Faculty of Business, Management and Economics, University of Latvia, Riga LV-1586, Latvia

Faculty of Economics, Management and Accountancy, Department of Insurance and Risk Management, University of Malta, Msida MSD2080, Malta

Corresponding Author Email: 
13 September 2022
4 November 2022
30 December 2022
| Citation



In today's world, one cannot deny the magnitude of energy use. It is a necessity in every field and can be categorized as renewable and non-renewable energy. The importance of renewables cannot be overstated since the non-renewable resources will not last forever. Once they are used, we must remember to consider their effect on the environment.
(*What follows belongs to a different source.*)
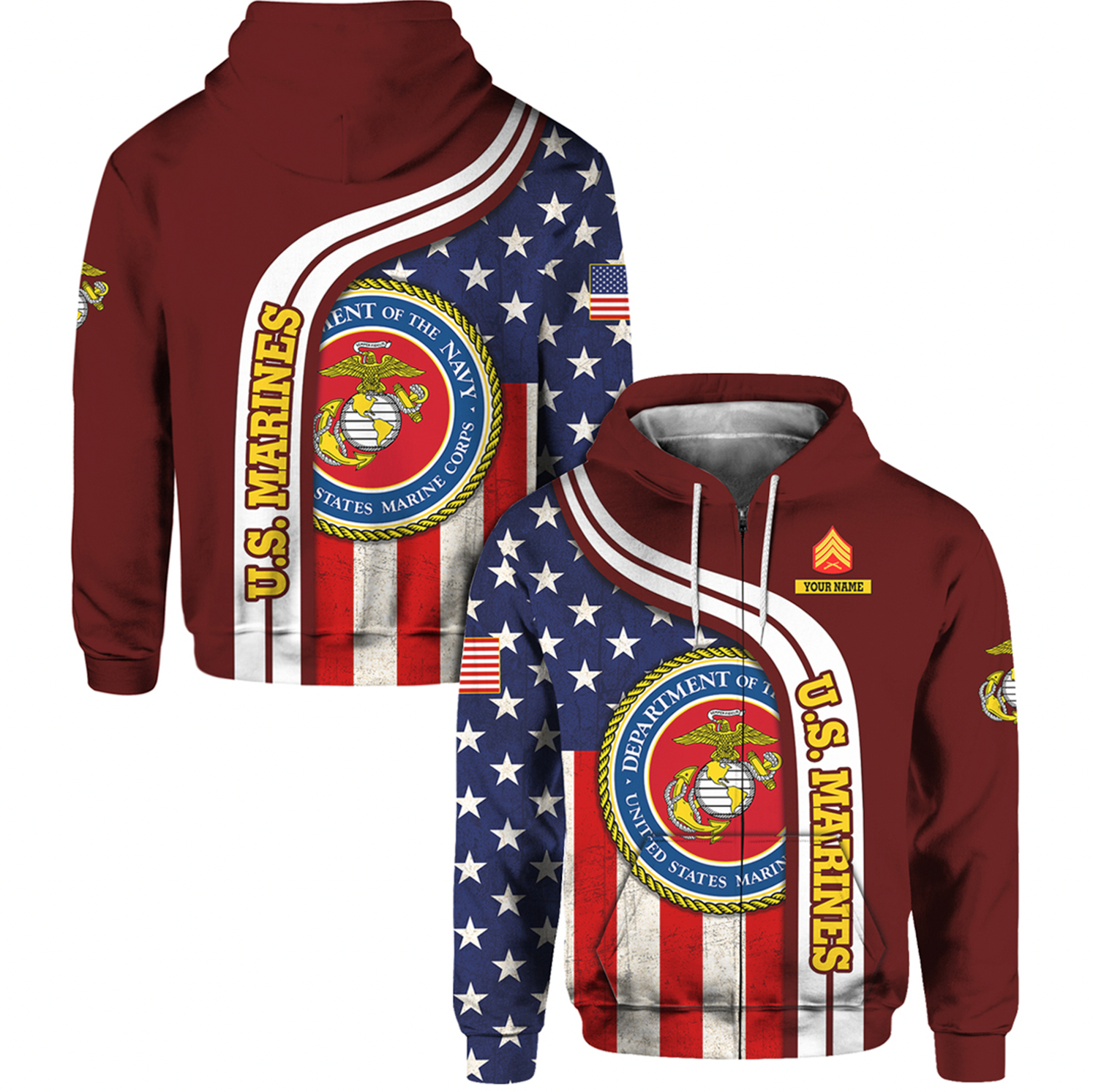 Custom 3D All Over Prints Hoodie, Personalized Name And Military Logo, USA Flag-AOV-Custom-Veterans Nation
This paper highlights how deploying renewable energy sources instead of non-renewables improves the Indian Economy. To do this, we gathered time series data and applied the statistical test for analysis of variance (ANOVA) to measure the strength of the impact of selected variables. Findings show that renewable energy sources have become progressively critical in terms of the fossil fuel recession. Energy-efficient technologies and sustainable energy applications and their impact on the Indian Gross Domestic Product (GDP) demonstrate that renewables significantly impact the Nation's growth prospects.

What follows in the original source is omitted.